Exercise description
Exactly as written, please repeat the data that follows, but not the pictures.

Source data

━━━

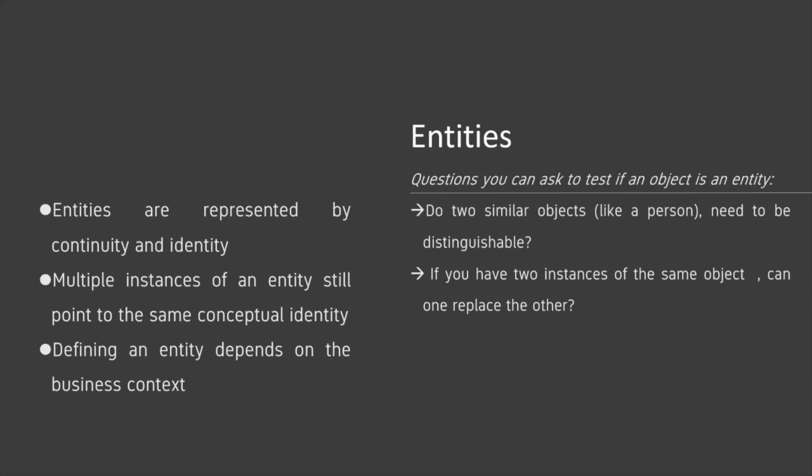If you have two instances of the same object, ask yourself, can one replace the other? If so, then they're a value object. If not, then they're probably an entity.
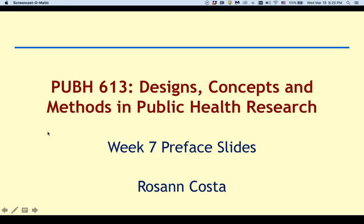Hi students, this is the audio for Week 7 preface slides. Before I dive in, I wanted to give a couple of suggestions for doing well in the course. Students have often asked me for this over the years. As I've always said, for weeks one through six these preface slides give students who don't have a lot of experience in public health or research the foundational concepts needed, because the lecture segments may assume a certain level of knowledge that most of you may not have.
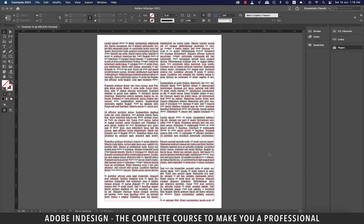Hi there, in this video we'll be talking about text wrap in InDesign so let's get started.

━━━

Written response
If you have two instances of the same object, ask yourself, can one replace the other? If so, then they're a value object. If not, then they're probably an entity.
Hi students, this is the audio for Week 7 preface slides. Before I dive in, I wanted to give a couple of suggestions for doing well in the course. Students have often asked me for this over the years. As I've always said, for weeks one through six these preface slides give students who don't have a lot of experience in public health or research the foundational concepts needed, because the lecture segments may assume a certain level of knowledge that most of you may not have.
Hi there, in this video we'll be talking about text wrap in InDesign so let's get started.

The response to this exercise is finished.